De última hora, Vera Lúcia Machado, 59 anos, integrante da associação que ajudou Vitória desde o início da organização, bancou R$ 120 para comprar 600 pães.

- Vi que estava muito em cima da hora e comprei. A gente também tem que colaborar - justifica.

Vitória se diz desiludida com as pessoas que prometeram ajuda e a deixaram na mão:

- Se não vai cumprir, não promete. Este ano, o Natal está difícil para todos os lados.

20 de dezembro: festa maravilhosa

 Teve Papai Noel, presente, comidinhas e muita alegria no Morro da Polícia - Foto: Omar Freitas

No dia da festa, dos dez ofícios distribuídos, apenas dois resultaram em doações. Se de um lado faltaram promessas cumpridas, de outro, sobraram pessoas comprometidas com o sorriso das crianças. Os presentes dos Correios chegaram.

Elenir Marques, 58 anos, cunhada da Vitória, doou R$ 200 em presentes. E o Papai Noel Jorge Rolim, 60 anos, teve ao seu lado a Mamãe Noel Magali Borges, 38 anos, que participou da festa pela primeira vez. Os dois fizeram a entrega dos presentes para a criançada que esperava a dupla desde cedo no beco no qual a festa foi organizada.
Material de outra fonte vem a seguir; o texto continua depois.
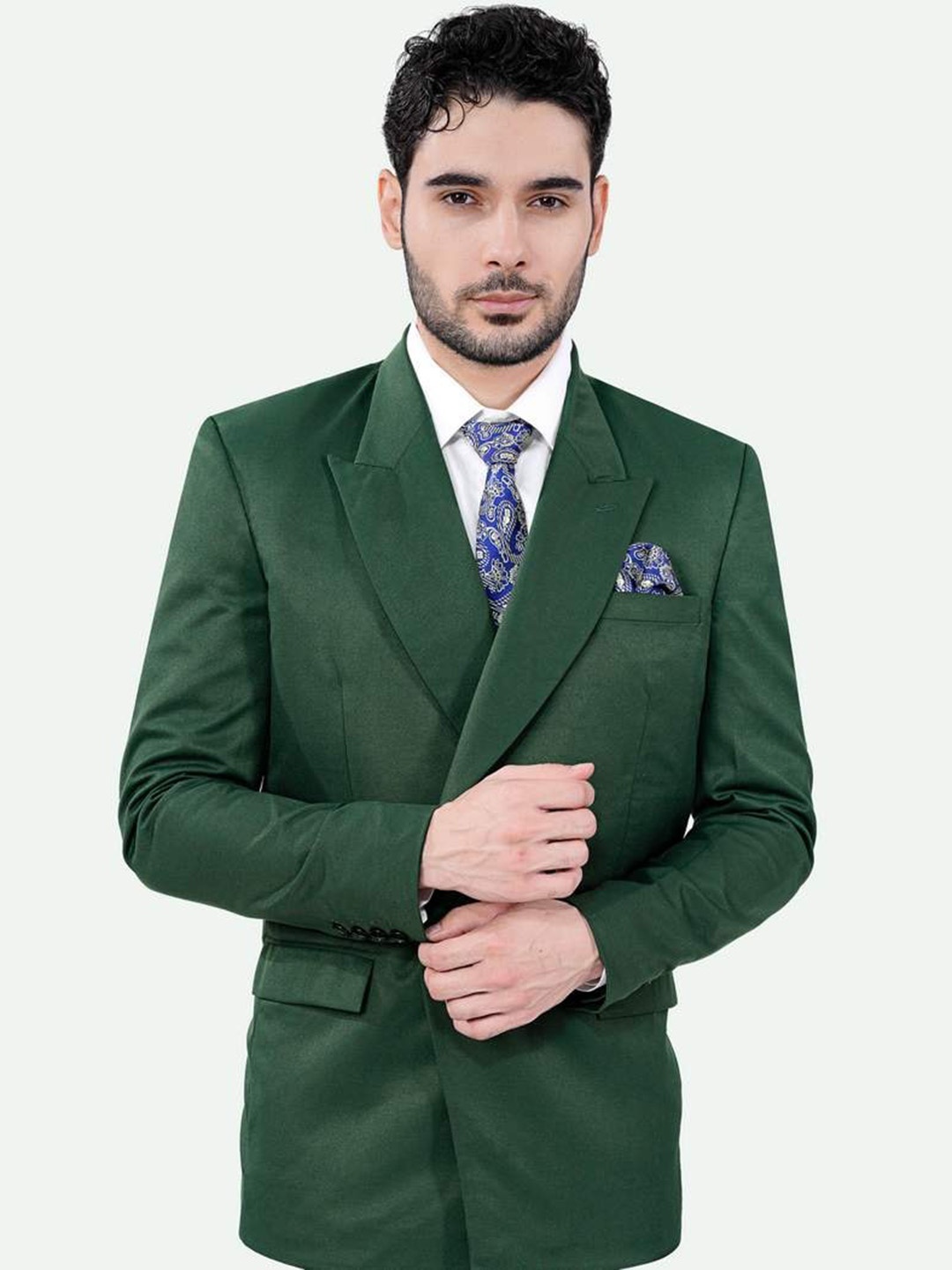 

FRENCH CROWN Notched Lapel Collar Double Breasted Formal Blazers, Green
- Eu sinto que eles esperam por mim, é um misto de alegria e satisfação - conta Jorge.

Volta por cima

Assim que a dupla apareceu fazendo barulho com o sino, a gurizada vibrou e foi organizada em fila para receber seu presente. O sorriso de Emily Antônia Pires Mendes, cinco anos, ao receber um abraço do Papai Noel e ganhar uma boneca compensou a série de dificuldades na organização da festa:

- Sou pequena, mas não tenho medo do Papai Noel. Vou colocar este presente no meu pinheirinho - disse Emily.

Sorriso de Emily compensa a correria - Foto: Omar Freitas

- Este é o meu Natal favorito - disparou Erick Matias dos Santos, dez anos, ao abrir o pacote que guardava uma pipa.
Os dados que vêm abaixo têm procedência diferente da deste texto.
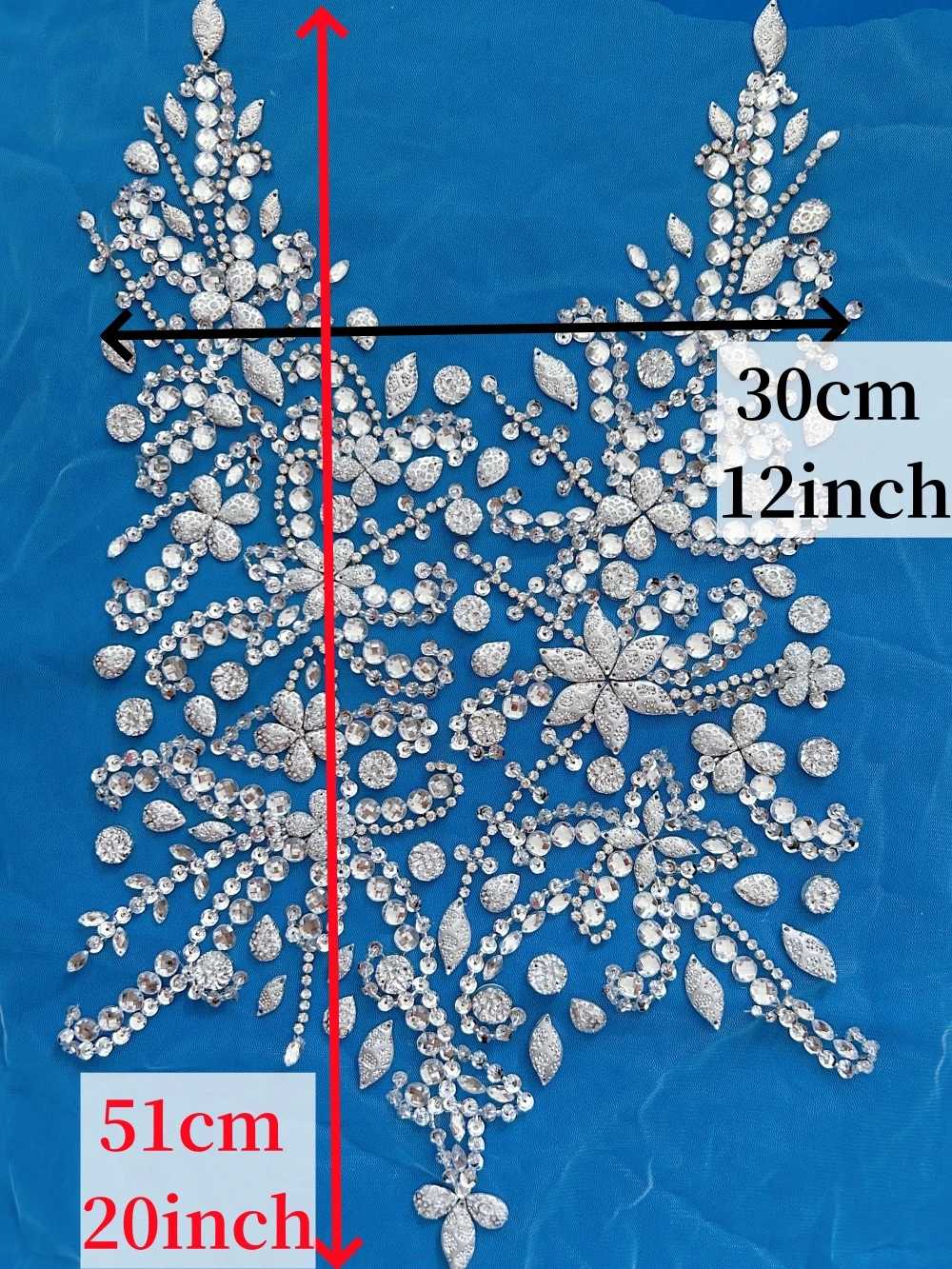 Hand Made Big Appliques Sewing Patches Rhinestone Crystals Stones Decorative Designer Diy For Wedding Costume Dress Gown Clothes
Elaine Oliveira, cinco anos, ganhou uma boneca do Bom Velhinho por ter se comportado durante o ano. Sua mãe, Elidiane Oliveira, 25 anos, desempregada há dois meses, comemora:

- Para nós, isso faz uma grande diferença. Ainda mais ganhar o presente das mãos do Noel!

 Vitória se sente realizada com a felicidade da criançada.

- Isso não tem preço, a palavra do ano foi superação. O que fizemos foi na luta. Recebemos muitos nãos, mas demos a volta por cima - considera.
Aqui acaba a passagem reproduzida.